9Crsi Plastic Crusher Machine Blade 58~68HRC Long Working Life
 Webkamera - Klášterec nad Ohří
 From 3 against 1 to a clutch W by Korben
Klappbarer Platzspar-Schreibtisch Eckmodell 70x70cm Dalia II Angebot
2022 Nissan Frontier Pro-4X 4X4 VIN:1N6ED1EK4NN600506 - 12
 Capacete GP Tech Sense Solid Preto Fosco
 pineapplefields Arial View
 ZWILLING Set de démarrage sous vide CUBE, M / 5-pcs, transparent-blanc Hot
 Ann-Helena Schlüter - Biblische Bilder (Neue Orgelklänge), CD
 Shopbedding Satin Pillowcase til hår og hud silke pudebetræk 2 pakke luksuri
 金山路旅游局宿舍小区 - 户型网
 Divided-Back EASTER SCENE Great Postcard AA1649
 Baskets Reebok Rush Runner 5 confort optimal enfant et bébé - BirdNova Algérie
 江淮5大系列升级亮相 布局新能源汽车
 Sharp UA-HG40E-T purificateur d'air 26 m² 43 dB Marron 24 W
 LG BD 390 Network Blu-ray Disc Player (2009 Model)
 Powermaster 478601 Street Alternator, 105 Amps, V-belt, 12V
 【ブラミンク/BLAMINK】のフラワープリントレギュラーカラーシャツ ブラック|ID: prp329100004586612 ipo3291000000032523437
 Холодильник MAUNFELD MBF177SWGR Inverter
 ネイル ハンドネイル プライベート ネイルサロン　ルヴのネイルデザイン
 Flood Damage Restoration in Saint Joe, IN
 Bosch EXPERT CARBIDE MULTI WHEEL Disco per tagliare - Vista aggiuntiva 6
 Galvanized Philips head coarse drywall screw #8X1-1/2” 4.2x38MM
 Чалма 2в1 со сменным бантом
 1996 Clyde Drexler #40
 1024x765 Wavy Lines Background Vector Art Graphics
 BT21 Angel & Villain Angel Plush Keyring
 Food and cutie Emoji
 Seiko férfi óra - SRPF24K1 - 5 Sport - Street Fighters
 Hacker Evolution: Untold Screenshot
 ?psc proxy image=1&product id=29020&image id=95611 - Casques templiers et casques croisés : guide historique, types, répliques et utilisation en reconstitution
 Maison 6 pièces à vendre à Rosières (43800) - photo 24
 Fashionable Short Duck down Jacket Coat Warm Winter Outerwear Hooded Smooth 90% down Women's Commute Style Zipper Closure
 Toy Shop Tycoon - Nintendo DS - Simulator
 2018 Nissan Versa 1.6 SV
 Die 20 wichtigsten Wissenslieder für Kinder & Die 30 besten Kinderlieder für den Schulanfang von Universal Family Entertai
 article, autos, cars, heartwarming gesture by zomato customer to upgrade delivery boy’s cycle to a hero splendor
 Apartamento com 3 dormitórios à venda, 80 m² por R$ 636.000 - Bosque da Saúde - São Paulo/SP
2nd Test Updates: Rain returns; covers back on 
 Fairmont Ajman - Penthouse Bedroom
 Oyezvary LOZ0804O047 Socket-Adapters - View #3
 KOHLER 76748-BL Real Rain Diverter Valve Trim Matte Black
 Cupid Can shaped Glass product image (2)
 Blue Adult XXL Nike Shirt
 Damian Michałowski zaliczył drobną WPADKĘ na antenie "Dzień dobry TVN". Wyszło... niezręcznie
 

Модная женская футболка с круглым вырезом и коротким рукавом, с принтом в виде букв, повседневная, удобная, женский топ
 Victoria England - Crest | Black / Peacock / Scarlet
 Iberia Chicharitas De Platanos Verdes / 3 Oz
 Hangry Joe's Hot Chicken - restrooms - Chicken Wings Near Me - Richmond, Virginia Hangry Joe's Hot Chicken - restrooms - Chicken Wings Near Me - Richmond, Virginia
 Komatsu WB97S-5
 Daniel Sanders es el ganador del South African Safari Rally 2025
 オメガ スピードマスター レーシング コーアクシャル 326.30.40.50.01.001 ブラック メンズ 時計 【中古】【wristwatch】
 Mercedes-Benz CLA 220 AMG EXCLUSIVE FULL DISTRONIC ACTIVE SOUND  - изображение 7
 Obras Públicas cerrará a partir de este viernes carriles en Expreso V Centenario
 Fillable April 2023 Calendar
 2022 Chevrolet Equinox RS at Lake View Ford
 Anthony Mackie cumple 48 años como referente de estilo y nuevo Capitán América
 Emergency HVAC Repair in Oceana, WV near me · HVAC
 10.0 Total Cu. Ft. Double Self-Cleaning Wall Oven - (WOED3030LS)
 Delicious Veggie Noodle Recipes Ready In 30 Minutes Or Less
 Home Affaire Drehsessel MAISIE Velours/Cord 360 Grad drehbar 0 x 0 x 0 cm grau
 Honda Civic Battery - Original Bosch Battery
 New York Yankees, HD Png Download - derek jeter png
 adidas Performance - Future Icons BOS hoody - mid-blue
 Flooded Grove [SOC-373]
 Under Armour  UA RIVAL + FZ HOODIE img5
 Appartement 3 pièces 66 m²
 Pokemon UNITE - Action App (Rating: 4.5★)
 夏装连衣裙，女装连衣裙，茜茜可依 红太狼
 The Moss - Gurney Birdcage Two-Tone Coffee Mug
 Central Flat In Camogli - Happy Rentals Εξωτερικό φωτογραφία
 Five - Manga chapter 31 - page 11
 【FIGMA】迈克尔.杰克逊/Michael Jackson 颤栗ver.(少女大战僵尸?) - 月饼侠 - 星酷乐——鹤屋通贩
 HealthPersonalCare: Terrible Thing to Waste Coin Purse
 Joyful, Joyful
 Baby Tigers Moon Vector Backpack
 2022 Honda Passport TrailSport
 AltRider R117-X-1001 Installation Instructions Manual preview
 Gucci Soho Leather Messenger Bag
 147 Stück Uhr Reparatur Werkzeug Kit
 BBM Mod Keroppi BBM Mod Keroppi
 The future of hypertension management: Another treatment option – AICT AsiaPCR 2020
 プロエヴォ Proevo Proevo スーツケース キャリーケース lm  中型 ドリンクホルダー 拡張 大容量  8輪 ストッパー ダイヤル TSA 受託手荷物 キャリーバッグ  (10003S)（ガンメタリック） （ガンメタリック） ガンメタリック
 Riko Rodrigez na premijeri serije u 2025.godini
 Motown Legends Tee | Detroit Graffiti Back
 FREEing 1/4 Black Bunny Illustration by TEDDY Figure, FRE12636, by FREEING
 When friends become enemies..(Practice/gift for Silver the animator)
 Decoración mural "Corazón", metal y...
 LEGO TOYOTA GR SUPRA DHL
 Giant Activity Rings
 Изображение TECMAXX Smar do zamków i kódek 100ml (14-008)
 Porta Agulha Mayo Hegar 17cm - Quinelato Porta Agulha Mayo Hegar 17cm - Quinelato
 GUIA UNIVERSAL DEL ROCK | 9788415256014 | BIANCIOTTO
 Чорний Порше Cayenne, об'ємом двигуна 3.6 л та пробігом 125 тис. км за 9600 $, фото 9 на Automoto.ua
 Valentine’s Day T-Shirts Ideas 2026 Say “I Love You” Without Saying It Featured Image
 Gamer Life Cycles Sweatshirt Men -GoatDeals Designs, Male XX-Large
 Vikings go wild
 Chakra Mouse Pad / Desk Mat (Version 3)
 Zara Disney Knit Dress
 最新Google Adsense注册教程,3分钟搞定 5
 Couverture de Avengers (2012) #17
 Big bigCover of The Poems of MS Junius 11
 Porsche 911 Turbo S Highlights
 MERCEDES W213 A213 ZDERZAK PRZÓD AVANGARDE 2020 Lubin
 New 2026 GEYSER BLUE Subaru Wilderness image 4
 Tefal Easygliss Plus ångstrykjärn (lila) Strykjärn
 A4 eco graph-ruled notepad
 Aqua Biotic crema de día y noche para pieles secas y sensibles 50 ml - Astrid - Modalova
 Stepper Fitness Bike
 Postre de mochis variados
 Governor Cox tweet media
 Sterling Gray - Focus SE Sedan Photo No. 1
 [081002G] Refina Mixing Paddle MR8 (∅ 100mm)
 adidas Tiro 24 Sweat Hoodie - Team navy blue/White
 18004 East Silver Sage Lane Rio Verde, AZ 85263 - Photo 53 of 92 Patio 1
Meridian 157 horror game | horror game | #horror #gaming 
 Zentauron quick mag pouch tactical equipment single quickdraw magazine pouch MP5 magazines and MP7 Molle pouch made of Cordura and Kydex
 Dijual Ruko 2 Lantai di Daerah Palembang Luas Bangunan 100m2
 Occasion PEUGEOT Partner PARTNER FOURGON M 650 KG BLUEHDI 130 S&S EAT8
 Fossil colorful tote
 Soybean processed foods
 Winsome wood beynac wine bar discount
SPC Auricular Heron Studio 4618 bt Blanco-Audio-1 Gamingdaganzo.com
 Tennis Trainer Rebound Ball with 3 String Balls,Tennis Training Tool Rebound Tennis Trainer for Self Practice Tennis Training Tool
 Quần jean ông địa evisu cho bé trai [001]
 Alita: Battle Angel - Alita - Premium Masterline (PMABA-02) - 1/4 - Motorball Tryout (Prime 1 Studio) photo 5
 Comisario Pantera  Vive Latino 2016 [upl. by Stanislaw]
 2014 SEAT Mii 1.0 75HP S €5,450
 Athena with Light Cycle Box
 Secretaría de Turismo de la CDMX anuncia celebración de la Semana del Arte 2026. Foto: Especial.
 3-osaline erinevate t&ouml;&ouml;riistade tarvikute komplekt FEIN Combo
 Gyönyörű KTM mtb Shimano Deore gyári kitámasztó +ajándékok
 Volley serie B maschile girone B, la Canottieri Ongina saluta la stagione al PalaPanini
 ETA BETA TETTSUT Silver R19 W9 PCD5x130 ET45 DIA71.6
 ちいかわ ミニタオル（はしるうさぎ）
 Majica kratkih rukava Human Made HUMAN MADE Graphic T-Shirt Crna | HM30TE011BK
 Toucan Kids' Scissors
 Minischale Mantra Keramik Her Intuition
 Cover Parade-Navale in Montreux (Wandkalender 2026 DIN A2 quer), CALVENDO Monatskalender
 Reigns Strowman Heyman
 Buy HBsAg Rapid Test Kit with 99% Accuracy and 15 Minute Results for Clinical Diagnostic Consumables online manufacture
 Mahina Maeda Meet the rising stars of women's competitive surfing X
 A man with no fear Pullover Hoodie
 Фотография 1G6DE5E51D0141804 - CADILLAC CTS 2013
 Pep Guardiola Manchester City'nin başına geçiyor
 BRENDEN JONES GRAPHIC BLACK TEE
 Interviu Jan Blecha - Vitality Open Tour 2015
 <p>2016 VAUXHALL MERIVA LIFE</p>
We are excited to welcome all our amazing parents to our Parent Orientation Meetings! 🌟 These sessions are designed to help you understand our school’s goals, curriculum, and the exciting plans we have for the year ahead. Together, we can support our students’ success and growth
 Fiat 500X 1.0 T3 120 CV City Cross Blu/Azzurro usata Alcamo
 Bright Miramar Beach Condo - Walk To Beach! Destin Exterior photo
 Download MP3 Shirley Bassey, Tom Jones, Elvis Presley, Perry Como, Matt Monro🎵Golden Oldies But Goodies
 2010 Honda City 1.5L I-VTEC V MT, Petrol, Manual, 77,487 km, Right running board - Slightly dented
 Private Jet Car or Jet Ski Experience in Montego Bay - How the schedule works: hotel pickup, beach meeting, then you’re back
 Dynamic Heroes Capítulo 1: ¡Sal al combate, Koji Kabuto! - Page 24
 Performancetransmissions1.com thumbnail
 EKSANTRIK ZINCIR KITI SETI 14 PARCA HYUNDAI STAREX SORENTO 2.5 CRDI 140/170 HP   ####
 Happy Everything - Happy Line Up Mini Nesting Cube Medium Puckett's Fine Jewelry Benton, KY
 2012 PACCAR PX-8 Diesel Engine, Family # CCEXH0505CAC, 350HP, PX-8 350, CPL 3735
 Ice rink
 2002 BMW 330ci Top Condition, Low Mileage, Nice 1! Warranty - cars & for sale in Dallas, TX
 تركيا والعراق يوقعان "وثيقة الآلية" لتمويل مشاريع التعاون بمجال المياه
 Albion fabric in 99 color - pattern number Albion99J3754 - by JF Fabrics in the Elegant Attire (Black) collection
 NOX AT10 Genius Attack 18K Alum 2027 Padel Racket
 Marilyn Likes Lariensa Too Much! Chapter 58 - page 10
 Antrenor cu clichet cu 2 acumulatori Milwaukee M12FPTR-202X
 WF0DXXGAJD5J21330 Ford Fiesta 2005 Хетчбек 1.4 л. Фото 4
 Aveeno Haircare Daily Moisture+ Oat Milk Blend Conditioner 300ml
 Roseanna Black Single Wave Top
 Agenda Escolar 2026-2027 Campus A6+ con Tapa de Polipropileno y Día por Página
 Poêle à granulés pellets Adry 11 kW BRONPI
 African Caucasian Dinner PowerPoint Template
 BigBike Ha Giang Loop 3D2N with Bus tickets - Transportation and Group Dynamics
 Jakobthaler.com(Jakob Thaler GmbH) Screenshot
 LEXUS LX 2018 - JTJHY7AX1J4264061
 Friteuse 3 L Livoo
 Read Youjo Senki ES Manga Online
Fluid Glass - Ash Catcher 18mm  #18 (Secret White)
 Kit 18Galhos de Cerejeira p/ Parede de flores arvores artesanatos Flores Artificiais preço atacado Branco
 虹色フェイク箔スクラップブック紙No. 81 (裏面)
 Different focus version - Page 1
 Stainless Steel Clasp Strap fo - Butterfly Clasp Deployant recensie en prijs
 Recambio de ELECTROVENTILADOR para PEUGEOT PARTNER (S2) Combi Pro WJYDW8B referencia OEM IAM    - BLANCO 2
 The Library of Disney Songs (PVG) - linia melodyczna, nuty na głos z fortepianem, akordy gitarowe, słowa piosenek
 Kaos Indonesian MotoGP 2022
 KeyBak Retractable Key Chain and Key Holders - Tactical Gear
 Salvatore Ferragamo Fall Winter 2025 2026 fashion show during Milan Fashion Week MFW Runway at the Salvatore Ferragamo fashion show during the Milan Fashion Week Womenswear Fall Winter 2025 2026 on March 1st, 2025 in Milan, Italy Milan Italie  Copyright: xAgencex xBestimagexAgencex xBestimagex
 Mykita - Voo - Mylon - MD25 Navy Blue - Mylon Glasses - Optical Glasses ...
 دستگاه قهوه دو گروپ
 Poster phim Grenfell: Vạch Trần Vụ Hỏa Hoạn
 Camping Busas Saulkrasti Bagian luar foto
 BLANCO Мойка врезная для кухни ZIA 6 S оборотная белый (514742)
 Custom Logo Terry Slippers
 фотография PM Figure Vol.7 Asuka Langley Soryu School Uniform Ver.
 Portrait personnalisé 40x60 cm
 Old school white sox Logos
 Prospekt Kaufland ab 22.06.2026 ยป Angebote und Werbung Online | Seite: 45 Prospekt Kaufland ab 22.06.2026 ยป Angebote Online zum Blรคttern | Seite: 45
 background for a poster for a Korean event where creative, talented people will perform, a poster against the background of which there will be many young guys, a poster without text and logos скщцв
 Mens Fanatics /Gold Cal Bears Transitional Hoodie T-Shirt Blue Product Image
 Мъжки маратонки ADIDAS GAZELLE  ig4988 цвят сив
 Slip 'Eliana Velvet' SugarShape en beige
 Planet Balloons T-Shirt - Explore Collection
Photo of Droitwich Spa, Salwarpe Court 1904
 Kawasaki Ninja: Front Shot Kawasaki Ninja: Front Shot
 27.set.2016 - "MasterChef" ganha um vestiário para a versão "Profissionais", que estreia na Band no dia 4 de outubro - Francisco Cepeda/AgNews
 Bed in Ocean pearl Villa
————
**ABOUT THIS EXERCISE:**
Restate, word for word, the listing above from its first line through the line that contains "Capacete GP Tech Sense Solid Preto Fosco", keeping both of those lines.

**SOLVED PROBLEM:**
9Crsi Plastic Crusher Machine Blade 58~68HRC Long Working Life
 Webkamera - Klášterec nad Ohří
 From 3 against 1 to a clutch W by Korben
Klappbarer Platzspar-Schreibtisch Eckmodell 70x70cm Dalia II Angebot
2022 Nissan Frontier Pro-4X 4X4 VIN:1N6ED1EK4NN600506 - 12
 Capacete GP Tech Sense Solid Preto Fosco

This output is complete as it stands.